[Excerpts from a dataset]
┄┄┄┄┄┄┄┄┄┄
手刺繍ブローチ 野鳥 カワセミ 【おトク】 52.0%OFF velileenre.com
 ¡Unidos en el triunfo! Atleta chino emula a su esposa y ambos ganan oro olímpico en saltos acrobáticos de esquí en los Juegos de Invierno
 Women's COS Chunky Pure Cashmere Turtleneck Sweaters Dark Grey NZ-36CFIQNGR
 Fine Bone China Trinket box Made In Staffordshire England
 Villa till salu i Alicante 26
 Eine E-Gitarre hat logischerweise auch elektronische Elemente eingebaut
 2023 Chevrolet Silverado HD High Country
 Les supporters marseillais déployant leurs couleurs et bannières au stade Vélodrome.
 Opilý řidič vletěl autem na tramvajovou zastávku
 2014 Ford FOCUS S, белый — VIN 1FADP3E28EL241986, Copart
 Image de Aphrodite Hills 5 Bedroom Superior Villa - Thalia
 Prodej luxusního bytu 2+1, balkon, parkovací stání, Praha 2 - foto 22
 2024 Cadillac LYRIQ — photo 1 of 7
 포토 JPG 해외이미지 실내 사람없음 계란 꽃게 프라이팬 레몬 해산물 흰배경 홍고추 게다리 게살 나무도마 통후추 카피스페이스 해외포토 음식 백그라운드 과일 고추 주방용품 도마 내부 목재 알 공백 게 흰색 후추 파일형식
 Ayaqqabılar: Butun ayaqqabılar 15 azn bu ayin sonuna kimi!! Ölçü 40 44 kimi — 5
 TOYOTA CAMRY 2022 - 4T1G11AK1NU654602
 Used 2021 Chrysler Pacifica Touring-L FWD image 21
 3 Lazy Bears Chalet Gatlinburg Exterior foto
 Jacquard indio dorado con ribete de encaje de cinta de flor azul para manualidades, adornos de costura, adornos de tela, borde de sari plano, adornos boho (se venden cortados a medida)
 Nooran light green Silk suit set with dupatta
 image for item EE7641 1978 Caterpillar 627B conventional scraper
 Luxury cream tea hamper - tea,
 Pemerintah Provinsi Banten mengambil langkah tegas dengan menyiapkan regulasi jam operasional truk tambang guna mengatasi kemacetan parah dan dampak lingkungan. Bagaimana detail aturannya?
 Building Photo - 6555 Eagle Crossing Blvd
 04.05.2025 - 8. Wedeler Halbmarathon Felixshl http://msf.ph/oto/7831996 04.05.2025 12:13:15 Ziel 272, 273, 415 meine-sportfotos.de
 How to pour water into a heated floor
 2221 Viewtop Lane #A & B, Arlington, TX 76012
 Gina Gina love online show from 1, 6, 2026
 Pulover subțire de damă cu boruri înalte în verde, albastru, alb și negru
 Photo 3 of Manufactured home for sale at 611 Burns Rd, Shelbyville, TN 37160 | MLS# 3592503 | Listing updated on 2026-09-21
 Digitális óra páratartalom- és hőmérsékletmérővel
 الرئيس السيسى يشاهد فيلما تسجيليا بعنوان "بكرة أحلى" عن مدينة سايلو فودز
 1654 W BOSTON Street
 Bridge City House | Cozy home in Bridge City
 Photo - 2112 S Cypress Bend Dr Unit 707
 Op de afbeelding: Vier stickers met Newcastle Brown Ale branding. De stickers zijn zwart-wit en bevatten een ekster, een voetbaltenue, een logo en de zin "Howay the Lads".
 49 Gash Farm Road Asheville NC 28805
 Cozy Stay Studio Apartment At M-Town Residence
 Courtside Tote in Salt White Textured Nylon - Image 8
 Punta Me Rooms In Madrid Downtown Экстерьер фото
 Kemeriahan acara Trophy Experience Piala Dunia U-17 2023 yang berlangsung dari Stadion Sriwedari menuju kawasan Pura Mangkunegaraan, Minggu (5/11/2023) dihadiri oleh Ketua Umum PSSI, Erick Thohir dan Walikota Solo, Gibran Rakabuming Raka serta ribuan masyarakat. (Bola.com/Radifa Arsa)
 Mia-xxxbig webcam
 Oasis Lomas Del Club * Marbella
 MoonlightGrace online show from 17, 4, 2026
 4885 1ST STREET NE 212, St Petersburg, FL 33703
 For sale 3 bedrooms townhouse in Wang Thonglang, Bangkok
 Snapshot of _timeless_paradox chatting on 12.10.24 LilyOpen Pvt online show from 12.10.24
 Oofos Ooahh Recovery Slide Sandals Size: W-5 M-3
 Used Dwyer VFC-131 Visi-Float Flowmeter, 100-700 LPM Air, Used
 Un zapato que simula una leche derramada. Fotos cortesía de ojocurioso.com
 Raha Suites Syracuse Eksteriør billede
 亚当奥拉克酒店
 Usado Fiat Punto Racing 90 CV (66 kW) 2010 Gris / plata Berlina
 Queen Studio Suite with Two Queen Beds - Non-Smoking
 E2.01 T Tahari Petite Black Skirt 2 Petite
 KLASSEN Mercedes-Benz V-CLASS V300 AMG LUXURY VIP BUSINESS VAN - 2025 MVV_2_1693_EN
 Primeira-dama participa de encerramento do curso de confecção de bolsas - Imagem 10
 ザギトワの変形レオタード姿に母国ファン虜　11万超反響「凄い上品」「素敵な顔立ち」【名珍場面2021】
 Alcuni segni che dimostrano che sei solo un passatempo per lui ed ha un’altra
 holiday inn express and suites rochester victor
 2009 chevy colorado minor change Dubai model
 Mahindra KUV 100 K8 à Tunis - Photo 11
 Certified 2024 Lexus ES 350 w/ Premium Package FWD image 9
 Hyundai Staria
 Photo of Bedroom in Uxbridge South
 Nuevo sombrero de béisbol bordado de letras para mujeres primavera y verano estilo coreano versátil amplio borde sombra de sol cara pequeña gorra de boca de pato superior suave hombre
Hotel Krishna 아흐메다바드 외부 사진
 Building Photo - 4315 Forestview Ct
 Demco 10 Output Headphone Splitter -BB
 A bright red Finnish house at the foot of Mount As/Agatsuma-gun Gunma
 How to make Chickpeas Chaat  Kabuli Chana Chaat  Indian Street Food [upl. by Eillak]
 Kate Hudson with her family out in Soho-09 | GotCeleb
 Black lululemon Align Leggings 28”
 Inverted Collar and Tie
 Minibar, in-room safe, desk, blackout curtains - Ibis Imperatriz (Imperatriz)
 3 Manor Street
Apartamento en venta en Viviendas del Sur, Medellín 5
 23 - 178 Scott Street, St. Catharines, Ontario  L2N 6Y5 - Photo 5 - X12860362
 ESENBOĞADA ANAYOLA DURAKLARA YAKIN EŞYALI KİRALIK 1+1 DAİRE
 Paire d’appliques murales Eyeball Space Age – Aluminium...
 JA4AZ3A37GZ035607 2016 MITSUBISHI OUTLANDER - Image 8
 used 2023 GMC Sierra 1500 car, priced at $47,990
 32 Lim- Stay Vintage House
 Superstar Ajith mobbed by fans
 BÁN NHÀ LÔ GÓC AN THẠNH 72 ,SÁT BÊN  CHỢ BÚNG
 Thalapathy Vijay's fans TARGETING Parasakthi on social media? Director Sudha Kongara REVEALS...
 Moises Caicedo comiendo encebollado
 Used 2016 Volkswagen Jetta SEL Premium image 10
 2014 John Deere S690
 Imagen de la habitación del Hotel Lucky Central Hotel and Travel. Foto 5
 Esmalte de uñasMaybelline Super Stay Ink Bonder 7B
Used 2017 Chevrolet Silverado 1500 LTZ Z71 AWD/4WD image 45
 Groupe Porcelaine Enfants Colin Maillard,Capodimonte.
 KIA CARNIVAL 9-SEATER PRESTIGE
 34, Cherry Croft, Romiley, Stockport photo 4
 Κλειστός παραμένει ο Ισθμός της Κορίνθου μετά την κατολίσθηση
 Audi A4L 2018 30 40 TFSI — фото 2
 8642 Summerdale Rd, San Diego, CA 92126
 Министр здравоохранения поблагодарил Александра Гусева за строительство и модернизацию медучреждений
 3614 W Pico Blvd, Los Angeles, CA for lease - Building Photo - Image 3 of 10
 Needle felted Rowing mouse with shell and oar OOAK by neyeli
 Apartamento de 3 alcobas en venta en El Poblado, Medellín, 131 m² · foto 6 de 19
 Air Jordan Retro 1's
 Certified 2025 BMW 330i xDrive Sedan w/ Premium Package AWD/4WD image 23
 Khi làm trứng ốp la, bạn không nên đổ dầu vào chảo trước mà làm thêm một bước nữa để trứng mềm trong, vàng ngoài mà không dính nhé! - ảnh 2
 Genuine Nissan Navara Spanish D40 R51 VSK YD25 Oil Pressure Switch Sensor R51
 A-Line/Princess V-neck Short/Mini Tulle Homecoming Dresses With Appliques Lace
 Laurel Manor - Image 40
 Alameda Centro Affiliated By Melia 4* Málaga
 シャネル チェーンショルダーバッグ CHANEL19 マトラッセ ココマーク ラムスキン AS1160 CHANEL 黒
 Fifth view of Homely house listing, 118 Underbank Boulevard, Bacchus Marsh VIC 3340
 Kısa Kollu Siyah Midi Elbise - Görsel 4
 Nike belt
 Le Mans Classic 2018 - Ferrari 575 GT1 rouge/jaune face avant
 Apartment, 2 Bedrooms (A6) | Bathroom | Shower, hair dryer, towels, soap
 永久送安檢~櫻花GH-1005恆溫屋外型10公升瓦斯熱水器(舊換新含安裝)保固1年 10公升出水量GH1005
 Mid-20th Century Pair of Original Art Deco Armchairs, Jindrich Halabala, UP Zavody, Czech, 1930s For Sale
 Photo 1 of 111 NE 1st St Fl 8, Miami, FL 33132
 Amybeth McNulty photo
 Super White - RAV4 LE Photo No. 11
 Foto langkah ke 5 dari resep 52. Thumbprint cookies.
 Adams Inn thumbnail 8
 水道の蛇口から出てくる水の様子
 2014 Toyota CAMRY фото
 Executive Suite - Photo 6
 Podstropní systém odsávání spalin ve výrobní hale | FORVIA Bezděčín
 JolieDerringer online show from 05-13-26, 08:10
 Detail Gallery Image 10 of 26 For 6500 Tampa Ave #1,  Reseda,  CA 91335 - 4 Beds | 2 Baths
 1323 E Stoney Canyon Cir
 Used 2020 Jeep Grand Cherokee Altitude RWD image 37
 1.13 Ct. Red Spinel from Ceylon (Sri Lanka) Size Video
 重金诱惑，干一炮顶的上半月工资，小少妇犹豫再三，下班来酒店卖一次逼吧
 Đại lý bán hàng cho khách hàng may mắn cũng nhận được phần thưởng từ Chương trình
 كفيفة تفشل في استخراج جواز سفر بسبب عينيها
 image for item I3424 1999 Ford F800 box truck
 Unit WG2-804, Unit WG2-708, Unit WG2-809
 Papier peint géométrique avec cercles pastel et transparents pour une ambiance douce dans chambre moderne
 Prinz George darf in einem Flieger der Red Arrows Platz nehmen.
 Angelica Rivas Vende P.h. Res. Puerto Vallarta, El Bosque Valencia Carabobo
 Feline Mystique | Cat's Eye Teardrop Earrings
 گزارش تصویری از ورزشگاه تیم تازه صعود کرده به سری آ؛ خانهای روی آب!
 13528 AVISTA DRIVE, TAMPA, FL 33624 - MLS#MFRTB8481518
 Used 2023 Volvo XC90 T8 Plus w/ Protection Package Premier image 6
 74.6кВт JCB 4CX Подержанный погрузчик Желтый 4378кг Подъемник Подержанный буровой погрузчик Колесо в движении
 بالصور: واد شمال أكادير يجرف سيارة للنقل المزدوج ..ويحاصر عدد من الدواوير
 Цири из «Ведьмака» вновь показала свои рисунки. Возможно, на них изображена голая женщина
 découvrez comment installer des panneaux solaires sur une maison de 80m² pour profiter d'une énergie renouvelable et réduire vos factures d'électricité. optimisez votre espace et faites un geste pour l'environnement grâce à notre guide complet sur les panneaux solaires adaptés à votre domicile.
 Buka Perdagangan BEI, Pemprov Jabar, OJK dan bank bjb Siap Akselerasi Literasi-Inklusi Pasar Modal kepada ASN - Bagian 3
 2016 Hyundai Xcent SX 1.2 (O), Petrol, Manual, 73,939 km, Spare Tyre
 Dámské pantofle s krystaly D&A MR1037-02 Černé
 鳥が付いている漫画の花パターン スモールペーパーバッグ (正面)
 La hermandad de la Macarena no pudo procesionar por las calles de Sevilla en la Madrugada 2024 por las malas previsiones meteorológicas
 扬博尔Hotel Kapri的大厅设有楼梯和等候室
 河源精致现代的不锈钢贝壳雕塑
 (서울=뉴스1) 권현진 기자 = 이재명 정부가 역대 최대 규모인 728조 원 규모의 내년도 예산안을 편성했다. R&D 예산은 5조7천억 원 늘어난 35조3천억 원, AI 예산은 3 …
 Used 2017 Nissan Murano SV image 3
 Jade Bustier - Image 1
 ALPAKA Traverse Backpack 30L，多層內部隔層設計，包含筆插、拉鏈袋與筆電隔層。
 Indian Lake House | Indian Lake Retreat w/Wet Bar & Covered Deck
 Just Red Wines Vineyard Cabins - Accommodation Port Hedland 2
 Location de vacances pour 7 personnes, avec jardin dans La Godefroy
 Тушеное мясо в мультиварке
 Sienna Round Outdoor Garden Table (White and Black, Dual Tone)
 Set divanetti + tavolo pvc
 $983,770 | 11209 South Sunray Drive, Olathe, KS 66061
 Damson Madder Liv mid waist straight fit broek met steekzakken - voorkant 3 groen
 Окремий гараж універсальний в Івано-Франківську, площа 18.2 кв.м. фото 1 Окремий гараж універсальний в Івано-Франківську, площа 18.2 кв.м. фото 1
┄┄┄┄┄┄┄┄┄┄
- [Work order] Whenever the word "Manor" shows up in a line of the entries above, copy that line.

- [Output]
 3 Manor Street
 Laurel Manor - Image 40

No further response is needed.